Strategies for Managing a Company’s Social Media Presence

There is a voice among hospitality professionals, saying “People talk about my company and my brands all the time on social media sites. What should I do? Do I need to hire somebody to watch it 24/7? How many employees do I have to hire for this thing?!” 
 
I understand their frustrations, but if we think positively, it is nice to have people talking about the company/brand all the time on the internet because by default, Google Search will display the results pulled from multiple sources for the keyword(s) being used (e.g. the official websites, Wikipedia, news, pictures, videos, blogs, customer review sites, etc.). The more people talk about a company/brand, the better this company can “optimize” the search engine results. 

It is out of the question whether a company must manage their social media presence. The questions is probably how or which person (position) should be hired to manage the conversations on social media sites.

Today’s Wall Street Journal shared three best-practice approaches by Southwest, Wholefood, and Best Buy in terms of managing a company’s Twitter account. Tweets are the “voice” of a company or a brand. Whoever manages the account must be well-trained and know what to say and when to say the “right” things. If tweets are ill-considered, a short message ( 140 characters) can cause a disaster for a company. A Chrysler agent, for example, tweeted: “I find it ironic that Detroit is known as the #motorcity and yet no one here knows how to f--- drive.” Certainly, many followers were not happy about this tweet. If the accounts are in good hands, however, Twitter is a very useful tool. 

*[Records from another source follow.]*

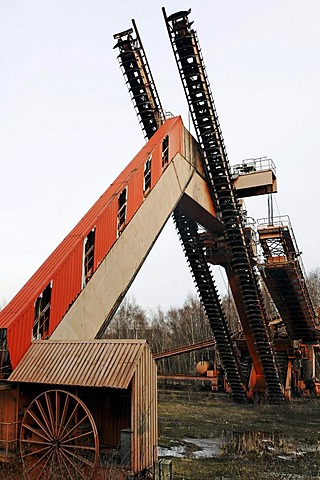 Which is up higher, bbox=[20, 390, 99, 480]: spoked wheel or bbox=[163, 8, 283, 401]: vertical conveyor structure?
bbox=[163, 8, 283, 401]: vertical conveyor structure

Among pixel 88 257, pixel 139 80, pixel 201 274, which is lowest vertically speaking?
pixel 88 257

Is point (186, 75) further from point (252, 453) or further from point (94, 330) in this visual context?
point (252, 453)

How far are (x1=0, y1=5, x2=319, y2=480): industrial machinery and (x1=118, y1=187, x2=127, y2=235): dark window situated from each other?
0.14 ft

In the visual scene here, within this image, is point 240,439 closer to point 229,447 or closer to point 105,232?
point 229,447

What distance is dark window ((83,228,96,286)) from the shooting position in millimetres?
12297

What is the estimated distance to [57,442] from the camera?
10023 millimetres

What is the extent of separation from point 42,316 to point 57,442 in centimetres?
299

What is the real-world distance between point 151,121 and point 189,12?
13.7 feet

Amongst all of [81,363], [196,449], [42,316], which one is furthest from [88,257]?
[196,449]

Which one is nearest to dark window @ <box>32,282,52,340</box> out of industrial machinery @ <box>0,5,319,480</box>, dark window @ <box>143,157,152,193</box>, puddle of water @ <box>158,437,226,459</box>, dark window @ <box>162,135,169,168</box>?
industrial machinery @ <box>0,5,319,480</box>

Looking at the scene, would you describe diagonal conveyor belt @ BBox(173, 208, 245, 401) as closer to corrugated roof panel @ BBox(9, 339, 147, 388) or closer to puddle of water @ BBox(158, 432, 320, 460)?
puddle of water @ BBox(158, 432, 320, 460)

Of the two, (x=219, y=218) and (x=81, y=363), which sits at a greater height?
(x=219, y=218)

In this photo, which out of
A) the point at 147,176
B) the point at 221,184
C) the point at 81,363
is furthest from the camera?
the point at 221,184

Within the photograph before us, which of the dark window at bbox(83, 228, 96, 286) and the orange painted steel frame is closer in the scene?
the orange painted steel frame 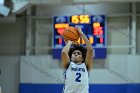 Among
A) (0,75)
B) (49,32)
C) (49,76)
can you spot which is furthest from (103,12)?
(0,75)

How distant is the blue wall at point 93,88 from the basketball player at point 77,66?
5471 mm

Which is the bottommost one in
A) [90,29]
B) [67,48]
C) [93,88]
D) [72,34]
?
[93,88]

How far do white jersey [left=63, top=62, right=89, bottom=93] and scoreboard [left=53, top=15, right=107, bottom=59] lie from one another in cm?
529

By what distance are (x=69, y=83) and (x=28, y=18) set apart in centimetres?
636

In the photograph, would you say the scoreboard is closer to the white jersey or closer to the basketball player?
the basketball player

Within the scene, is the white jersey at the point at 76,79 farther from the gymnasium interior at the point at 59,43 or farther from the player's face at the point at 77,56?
the gymnasium interior at the point at 59,43

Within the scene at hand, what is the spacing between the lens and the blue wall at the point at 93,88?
842 cm

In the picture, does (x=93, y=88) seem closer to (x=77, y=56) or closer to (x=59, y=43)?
(x=59, y=43)

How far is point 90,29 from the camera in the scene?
845 cm

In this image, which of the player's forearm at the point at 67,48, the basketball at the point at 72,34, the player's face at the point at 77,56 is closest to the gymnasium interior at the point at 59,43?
the basketball at the point at 72,34

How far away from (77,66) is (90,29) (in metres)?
5.37

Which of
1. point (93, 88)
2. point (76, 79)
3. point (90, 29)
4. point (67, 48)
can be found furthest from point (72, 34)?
point (93, 88)

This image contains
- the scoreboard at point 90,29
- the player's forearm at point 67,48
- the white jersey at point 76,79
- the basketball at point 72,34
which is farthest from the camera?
the scoreboard at point 90,29

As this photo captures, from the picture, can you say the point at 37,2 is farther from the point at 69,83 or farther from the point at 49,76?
the point at 69,83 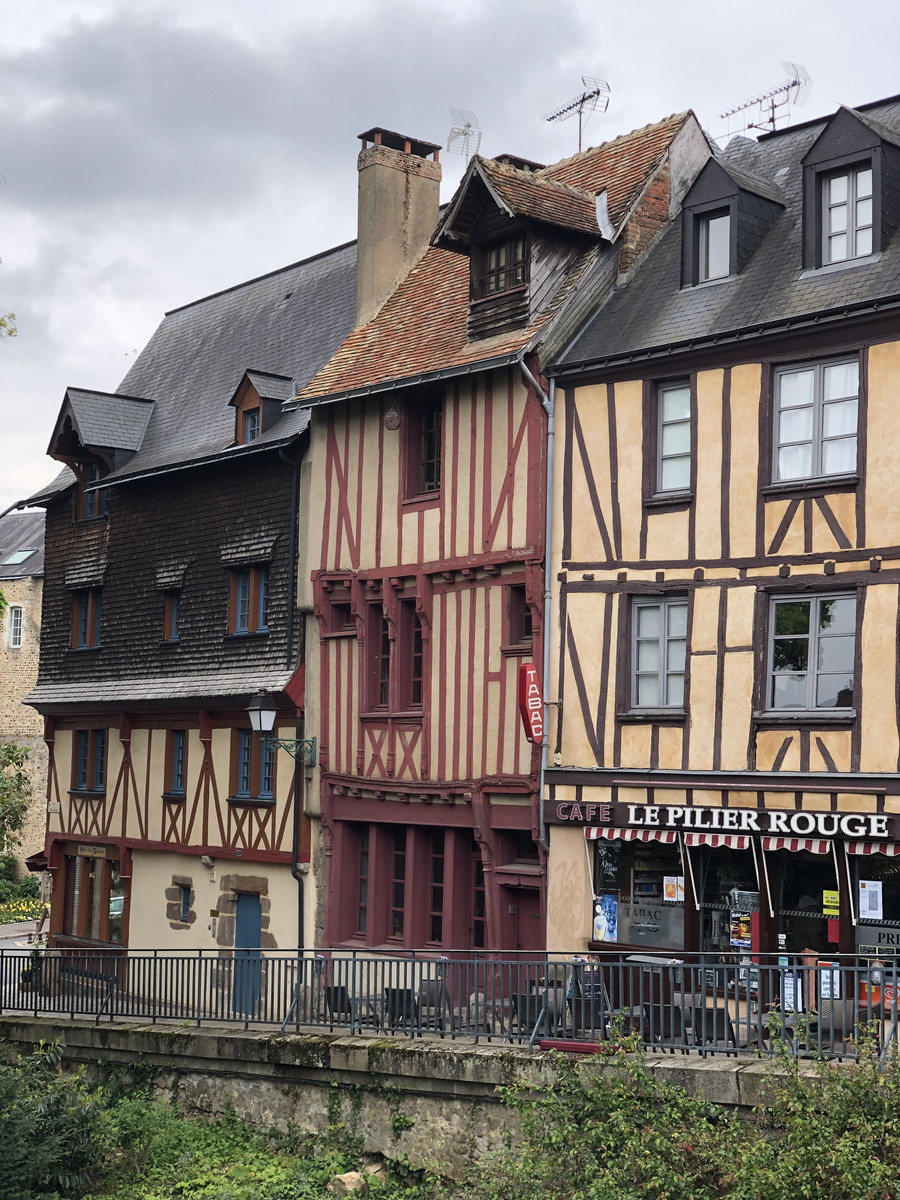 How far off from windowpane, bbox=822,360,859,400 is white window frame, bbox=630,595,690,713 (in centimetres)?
269

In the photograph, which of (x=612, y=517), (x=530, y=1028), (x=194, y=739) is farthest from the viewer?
(x=194, y=739)

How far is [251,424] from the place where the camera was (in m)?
23.6

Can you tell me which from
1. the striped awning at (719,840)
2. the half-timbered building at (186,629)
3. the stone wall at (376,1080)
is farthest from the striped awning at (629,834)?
the half-timbered building at (186,629)

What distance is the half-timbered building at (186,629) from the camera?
22.0 m

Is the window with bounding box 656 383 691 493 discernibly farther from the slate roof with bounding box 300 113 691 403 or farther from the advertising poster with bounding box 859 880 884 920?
the advertising poster with bounding box 859 880 884 920

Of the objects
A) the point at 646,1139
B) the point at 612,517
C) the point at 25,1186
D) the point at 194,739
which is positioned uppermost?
the point at 612,517

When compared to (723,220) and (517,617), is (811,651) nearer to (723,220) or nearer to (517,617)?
(517,617)

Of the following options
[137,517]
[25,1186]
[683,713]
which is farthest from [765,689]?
[137,517]

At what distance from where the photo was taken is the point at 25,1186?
1456cm

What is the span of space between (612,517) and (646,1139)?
25.0 ft

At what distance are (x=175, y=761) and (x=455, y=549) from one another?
25.1 ft

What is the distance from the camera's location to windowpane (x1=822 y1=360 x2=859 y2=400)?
15.2 meters

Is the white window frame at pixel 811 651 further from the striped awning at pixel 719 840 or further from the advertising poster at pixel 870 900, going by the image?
the advertising poster at pixel 870 900

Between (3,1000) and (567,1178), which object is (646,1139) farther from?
(3,1000) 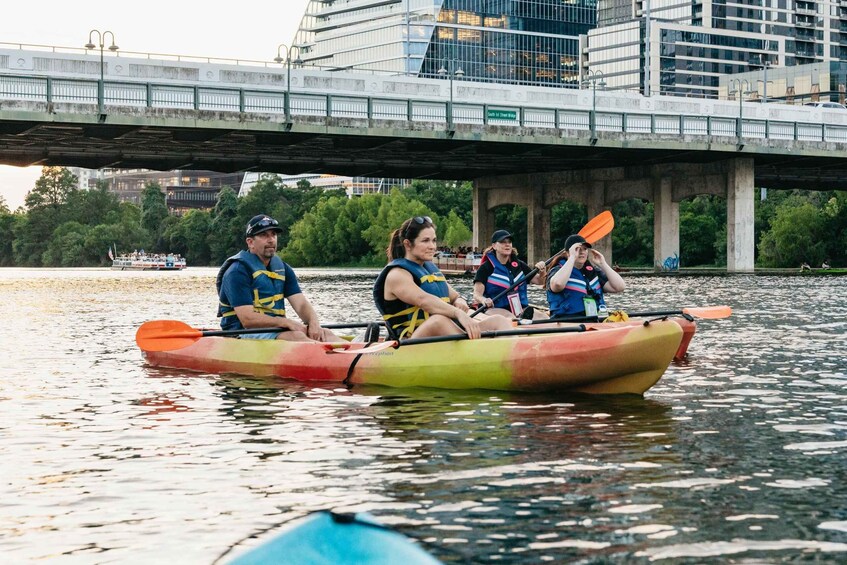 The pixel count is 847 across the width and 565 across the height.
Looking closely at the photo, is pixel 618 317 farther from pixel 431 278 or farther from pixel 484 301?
pixel 431 278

Southwest Airlines hires about 10 employees to handle its twitter account (@SouthwestAir) that has 1.2 million followers. Initially, Southwest placed its Twitter account under the Advertising Division but moved it to the Public Relations (PR) Department later. The Twitter team works closely with the customer-relations team and responds to tweets between 5 am and 11 pm central time when its flights are in schedule. Because customers often tweet about the problems they experienced, understanding the operations and offering solutions are important. 

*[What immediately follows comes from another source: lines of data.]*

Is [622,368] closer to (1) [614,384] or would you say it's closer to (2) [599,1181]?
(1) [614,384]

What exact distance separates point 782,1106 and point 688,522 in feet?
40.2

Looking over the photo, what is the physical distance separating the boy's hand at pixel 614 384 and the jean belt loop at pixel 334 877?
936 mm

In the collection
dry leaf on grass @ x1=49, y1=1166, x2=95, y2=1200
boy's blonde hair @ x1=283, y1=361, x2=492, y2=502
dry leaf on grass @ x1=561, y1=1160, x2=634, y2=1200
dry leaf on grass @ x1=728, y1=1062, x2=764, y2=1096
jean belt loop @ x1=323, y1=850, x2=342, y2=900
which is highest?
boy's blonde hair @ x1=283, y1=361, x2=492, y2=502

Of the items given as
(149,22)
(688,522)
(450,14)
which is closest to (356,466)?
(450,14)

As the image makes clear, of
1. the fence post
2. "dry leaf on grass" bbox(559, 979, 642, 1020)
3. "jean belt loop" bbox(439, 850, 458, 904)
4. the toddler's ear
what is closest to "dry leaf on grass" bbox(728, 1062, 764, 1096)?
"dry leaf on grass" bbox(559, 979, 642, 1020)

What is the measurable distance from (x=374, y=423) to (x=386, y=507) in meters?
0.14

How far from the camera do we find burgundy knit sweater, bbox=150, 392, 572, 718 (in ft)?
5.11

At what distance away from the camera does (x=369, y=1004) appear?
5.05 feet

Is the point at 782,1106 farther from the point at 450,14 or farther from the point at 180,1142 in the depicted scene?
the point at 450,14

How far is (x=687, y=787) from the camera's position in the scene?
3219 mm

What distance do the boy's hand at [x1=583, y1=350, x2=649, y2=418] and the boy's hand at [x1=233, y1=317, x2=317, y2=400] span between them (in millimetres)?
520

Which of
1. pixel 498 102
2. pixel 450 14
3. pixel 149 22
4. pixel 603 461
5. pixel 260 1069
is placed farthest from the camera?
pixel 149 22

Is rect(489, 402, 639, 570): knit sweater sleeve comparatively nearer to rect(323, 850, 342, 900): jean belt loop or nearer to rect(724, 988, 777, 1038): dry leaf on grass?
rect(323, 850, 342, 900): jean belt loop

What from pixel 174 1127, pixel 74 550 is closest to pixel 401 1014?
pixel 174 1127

Whole Foods (@WholeFoods) has 2.1 million followers. Surprisingly, the account is managed by one single employee, the Global Online Community (GOC) Manager. Whole Foods answers customers’ questions and tweet about the recipes. The company now also has separate accounts for local stores. The GOC Manager still checks the Twitter feeds many times a day and hosts a weekly Twitter chat for an hour every week. 

With 40 thousand followers, Best Buy has a main account plus multiple accounts with specialized handles, such as @BestBuy@BBYNews, @BestBuy_Deals, and  @BBYCEO. Best Buy puts the accounts on the hands of about 3,000 Best Busy employees who have signed up for the tasks. Best Buy lays out the terms and conditions for these employees. They must use their Best Buy credentials to sign in to the company’s Twitter account. The company also has a social media policy in place. Employees are informed what information can be shared and what cannot. 

So, what do we learn from these three examples? Here are my summaries:

  • Companies must manage their social media accounts (please create one if you still don’t have any at this point).
  • Whoever manages the account needs to provoke discussions online about the company/brand.
  • The person in charge of social media must know operations. Hotels and restaurants customers often talk about their experience or complaints on social media sites. Without a good understanding of hotel or restaurant operations, this person would find it very difficult to provide good solutions.
  • Companies need to check the updates of their social media presence many times a day. I believe it is important to give customers timely attention and responses.  
  • Be very careful of the languages used on social media. It is never a good idea of making fun of the followers (e.g. Chrysler and Kenneth Cole as mentioned in the video and the newspaper).
  • Companies do NOT need to hire a big group of professionals to manage their social media presence. They can hire one or a team of social media managers. Or they can empower their current employees to do the task.
  • No matter who they hire, companies must have a good social media policy in place and provide good training/guidelines to the professionals. 

Have I missed anything? What else can a company do to better manage its social media presence?